Les centres sociaux, comme les accueils de loisirs, sont largement perméables aux politiques locales. Comme cela avait déjà été mis en lumière par une étude du laboratoire de géographie de l’université de Rouen en 2000, le centre de loisirs « apparaît comme un des derniers services sur lequel les élus municipaux ont entièrement prise (du recrutement des animateurs aux activités proposées), qu’ils peuvent faire fonctionner en quasi vase clos, et sur lequel ils peuvent appuyer une information municipale positive et consensuelle (4). » Au sujet des centres sociaux, Régis Cortesero, chercheur en sociologie à Bordeaux n’hésite pas à parler de « tyrannie du consensus » pour qualifier la prégnance de la tutelle municipale et la crainte du conflit de la part de cette-ci (5).
Analyse que l’on peut rapprocher des travaux de Jean-Pierre Augustin, chercheur en géographie à Bordeaux. Selon celui-ci, les équipements de proximité relèvent de trois fonctions : l’inculcation des normes dominantes, la création de lieux de marginalité ou de déviance tolérée ; ou les lieux de compensation et de consomation de loisirs (6). À ce sujet, on peut lire le riche témoignage et les réflexions de jim33 sur le sujet Violences, sexisme, discrimination…
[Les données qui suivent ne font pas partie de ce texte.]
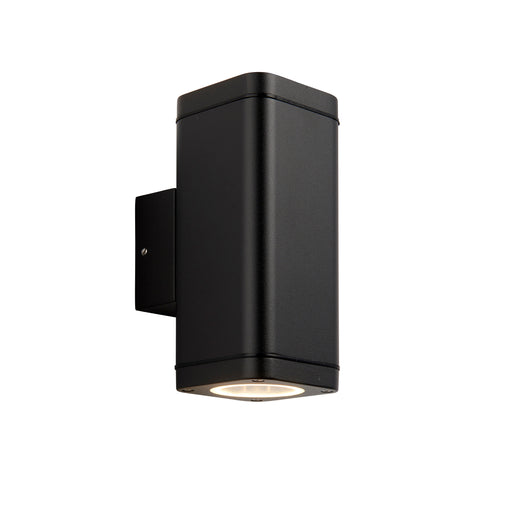 Coleman Wall Light - Exclusive Lighting Ltd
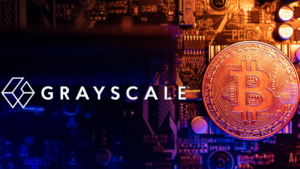 Grayscale Unveils Bitcoin Miners ETF – Is This the Next Big Crypto Investment?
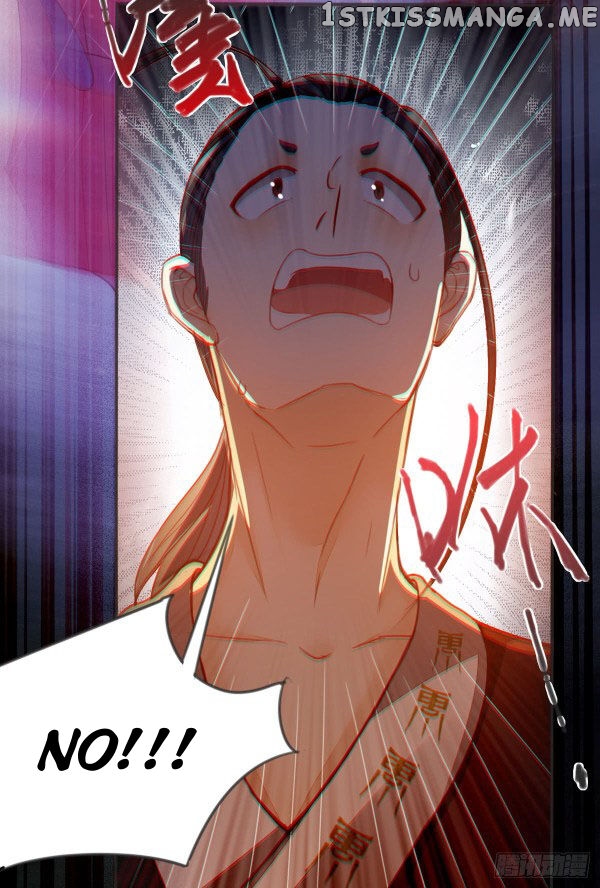 Rebirth of the divine doctor chapter 59.2 - page 16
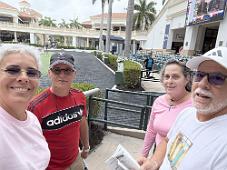 IMG_0266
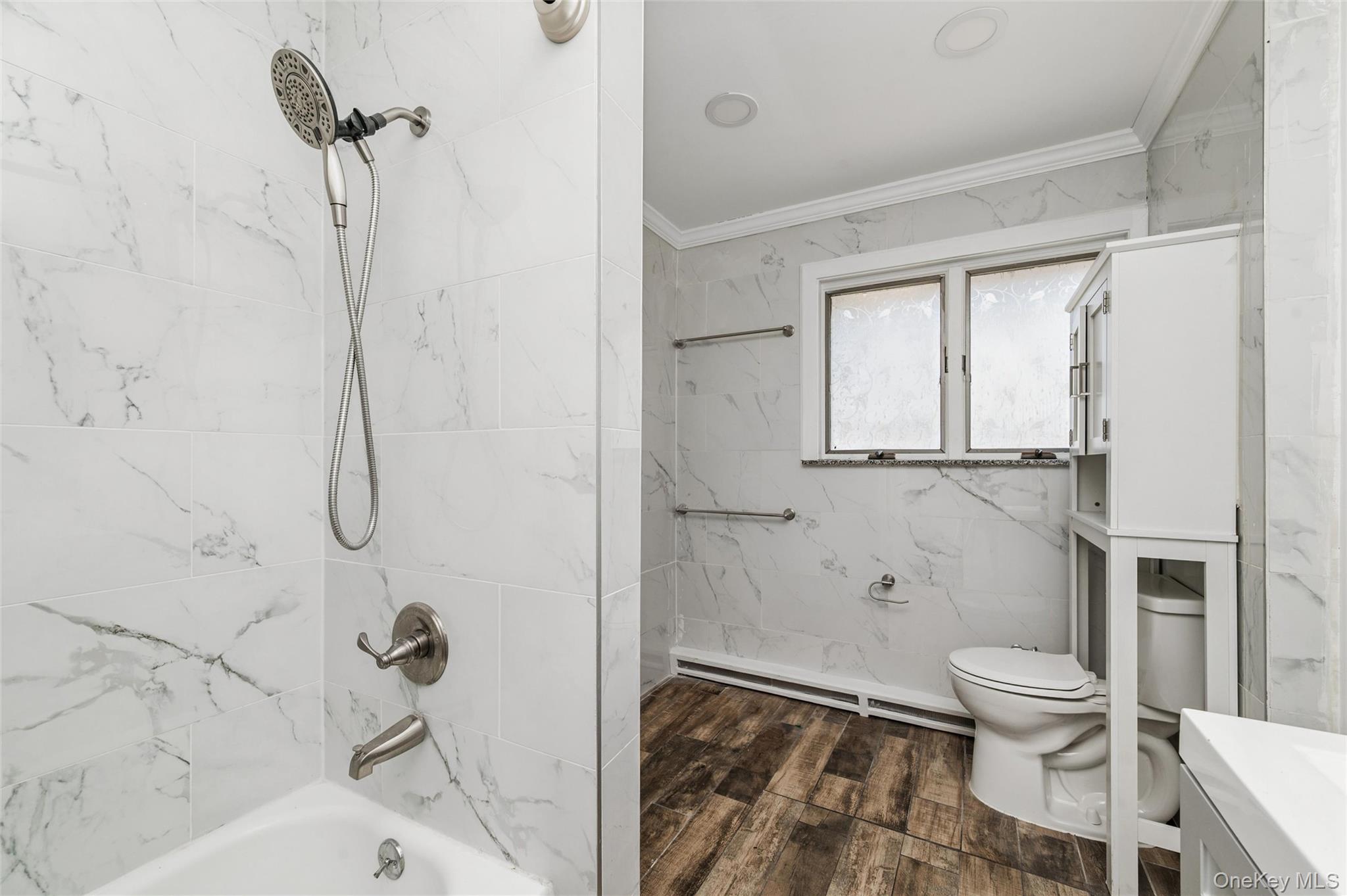 15 Belmont Boulevard Property Photo 12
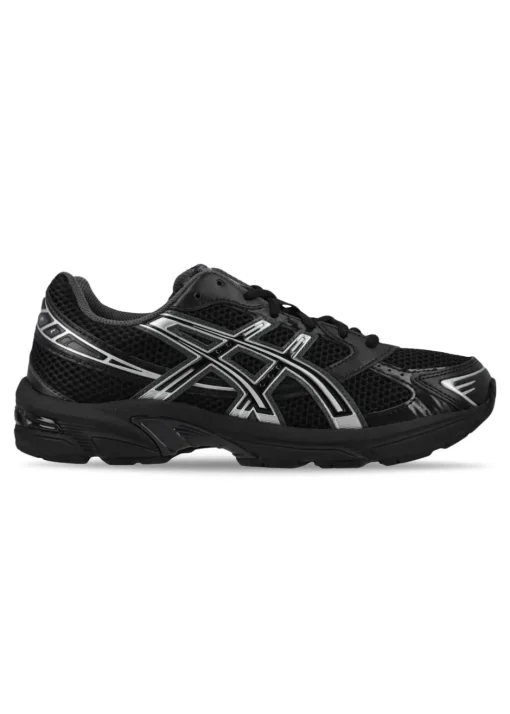 Dame Asics Sneakers|Sneakers>GEL-1130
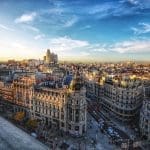 Startups ganadoras del España Latam Scale Up iniciarán proceso de inmersión en el ecosistema europeo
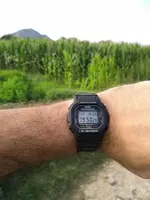 15365954602247814192465840899495.webp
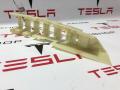 Кронштейн внешний сидений 2-го ряда Tesla Model X 1 поколение 2019, 1055317-00-C, 1089758-00-B - фото №4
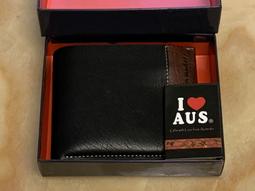 從澳洲打工度假到移民成功之路【金石堂】 歷史價格詳細信息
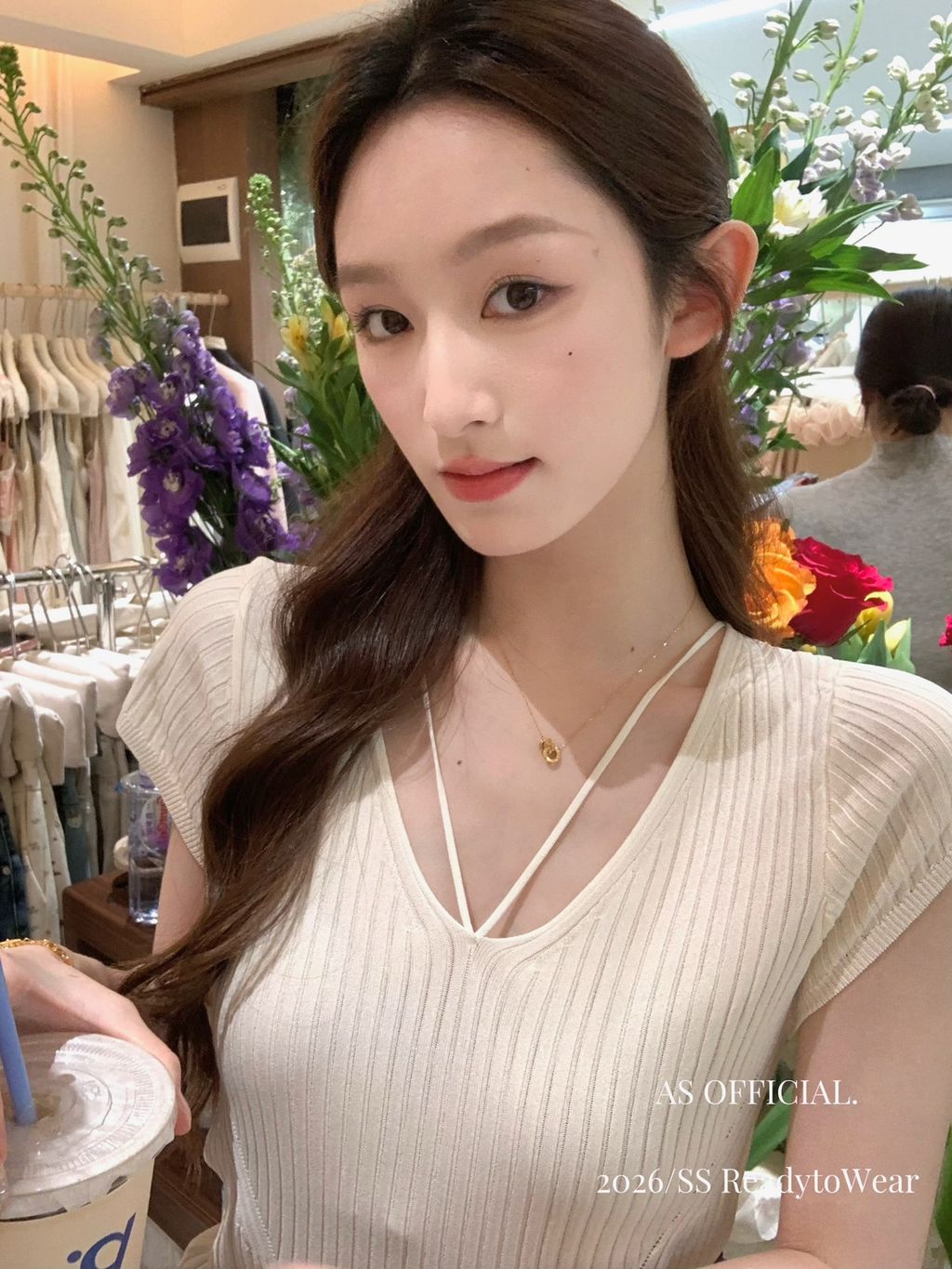 775d272dfdca8ebd0427c90ef64e8cbf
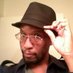 Derek Omar Roberts (@drockroberts) Twitter profile photo Derek Omar Roberts (@drockroberts) Twitter profile photo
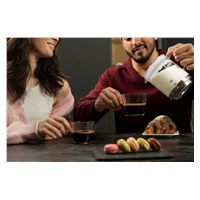 Lauben Milk Frother 600BG - napěňovač mléka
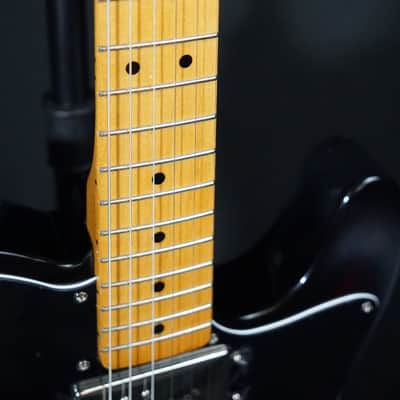 Squier Classic Vibe '70s Telecaster Custom image 5
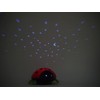 Niermann Standby LED Night Light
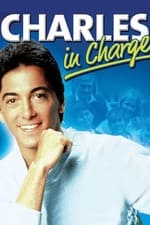 Charles in Charge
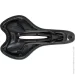 Greys ѳ  280*160 - (GR70170)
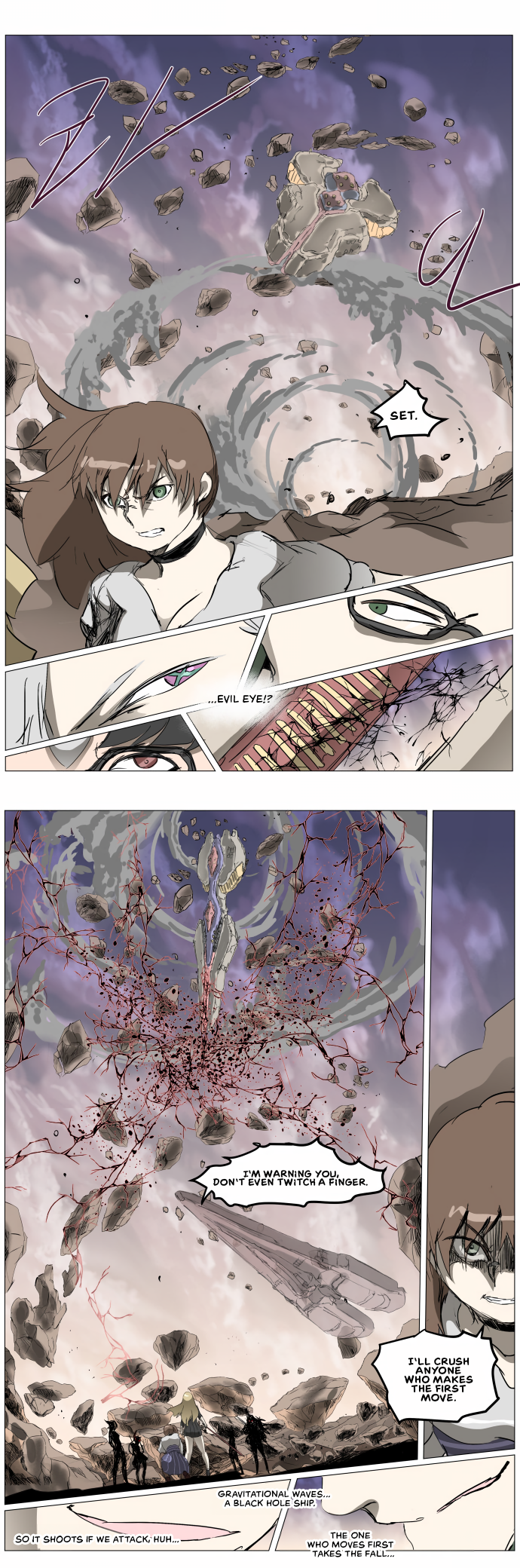 Page 16 of Chapter 299
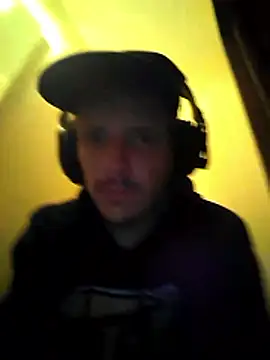 Vlasta23 online show from 04-11-26, 11:09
Une étude récente menée par l’INJEP* (par Régis Cortesero) pour le compte de la CNAF*, montre la difficile reconnaissance des animateurs face aux autres professions sociales : « Les animateurs manquent de reconnaissance et vivent leur statut comme subordonné vis-à- vis des travailleurs sociaux, alors qu’ils sont confrontés à la représentation négative, relayée par les usagers, de travailleurs sociaux intégrés dans des structures administratives. Ces situations leur semblent paradoxales alors qu’ils s’estiment plus accueillants, plus humains, qu’ils prennent en compte un fonctionnement participatif et la parole des habitants. (7) »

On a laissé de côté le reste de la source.